3) pagewise, spaghetti and similar
such mechanisms tend to be forgotten, but are still in use in some run time systems (I know of Lisp/Scheme and Smalltalk systems). These allocate and increase the stack dynamically as-required. However, not as a single contigious segment, but instead as a linked chain of multi-page chunks. It requires different function entry/exit code to be generated by the compiler(s), in order to handle segment boundaries. Therefore such schemes are typically implemented by a language support system and not the OS itself (used to be earlier times - sigh). The reason is that when you have many (say 1000s of) threads in an interactive environment, preallocating say 1Mb would simply fill your virtual address space and you could not support a system where the thread needs of an individual thread is unknown before (which is typically the case in a dynamic environment, where the use might enter eval-code into a separate workspace). So dynamic allocation as in scheme 1 above is not possible, because there are would be other threads with their own stacks in the way. The stack is made up of smaller segments (say 8-64k) which are allocated and deallocated from a pool and linked into a chain of stack segments.
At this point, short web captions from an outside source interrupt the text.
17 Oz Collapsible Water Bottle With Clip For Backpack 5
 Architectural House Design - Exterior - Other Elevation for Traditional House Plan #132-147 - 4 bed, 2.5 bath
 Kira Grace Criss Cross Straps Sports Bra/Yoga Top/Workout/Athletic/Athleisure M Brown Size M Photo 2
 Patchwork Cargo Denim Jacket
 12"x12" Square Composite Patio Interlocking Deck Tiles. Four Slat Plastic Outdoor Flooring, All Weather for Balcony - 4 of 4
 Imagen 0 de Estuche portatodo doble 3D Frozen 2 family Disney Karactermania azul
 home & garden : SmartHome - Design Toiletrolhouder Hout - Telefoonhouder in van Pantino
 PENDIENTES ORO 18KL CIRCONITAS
Such a scheme may also be requried for high performance support of things like continuations, coroutines etc.
Modern unixes/linuxes and (I guess, but not 100% certain) windows use scheme 1) for the main thread of your exe, and 2) for additional (p-)threads, which need a fix stack size given by the thread creator initially. Most embedded systems and controllers use fixed (but configurable) preallocation (even physically preallocated in many cases).
edit: typo
The stack for a given process has a limited, fixed size. The reason you can't add more memory as you (theoretically) describe is because the stack must be contiguous, and it grows toward the heap. So, when the stack reaches the heap, no extension is possible.
The stack size for a userland program is not determined by the kernel. The kernel stack size is a configuration option for the kernel (usually 4k or 8k).
Edit: if you already know this, and were merely talking about the allocation of physical pages for a process, then you have the procedure down already. But there's no need to keep track of the "stack size" like this: the virtual pages in the stack with no pagetable entries are just normal overcommitted virtual pages. Physical memory will be granted on their first access. But the kernel does not have to overcommit memory, and thus a stack will probably have complete physical realization when the executable is first loaded.
The stack can only be used up to a certain length, because it has a fixed storage capacity in memory. If your question asks in what direction does the stack being used up? the answer is downwards. It is filled down in memory towards the heap. The heap is a dynamic component of memory by which it can actually grow from the bottom up, based on your need of data storage.